### [Work instructions]
In the listing below, locate the line with "Curacao Football Pride" and the line with "Leuke Retro Roze-Oranje", then output both and everything between them exactly, minus any pictures.

### [Data for this exercise]
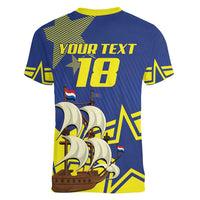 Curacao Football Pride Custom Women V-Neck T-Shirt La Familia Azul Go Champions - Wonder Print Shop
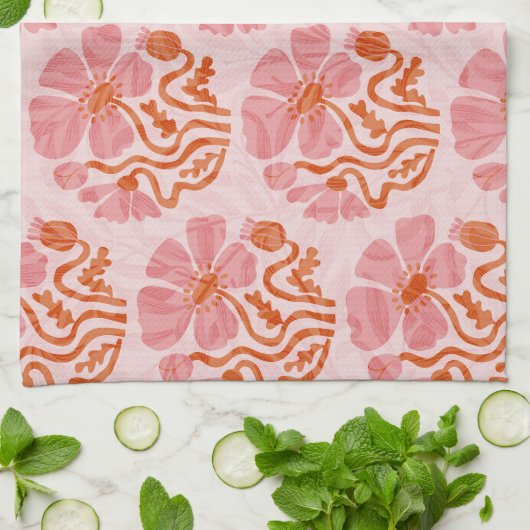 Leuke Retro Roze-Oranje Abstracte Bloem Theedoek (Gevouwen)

==

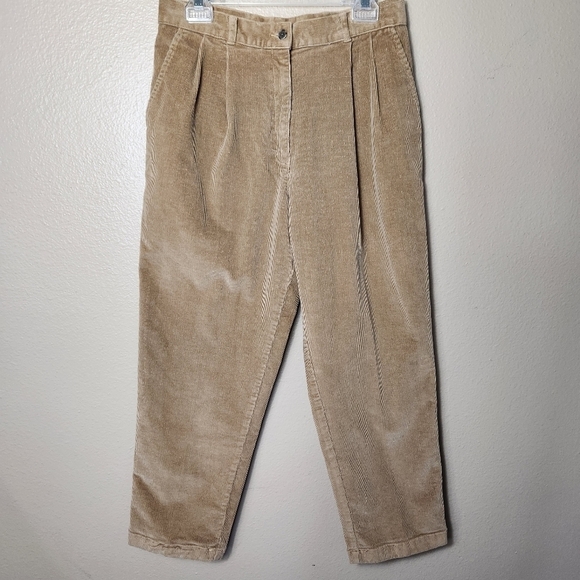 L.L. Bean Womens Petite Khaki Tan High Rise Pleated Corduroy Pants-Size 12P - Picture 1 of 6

### [Worked solution]
 Curacao Football Pride Custom Women V-Neck T-Shirt La Familia Azul Go Champions - Wonder Print Shop
 Leuke Retro Roze-Oranje Abstracte Bloem Theedoek (Gevouwen)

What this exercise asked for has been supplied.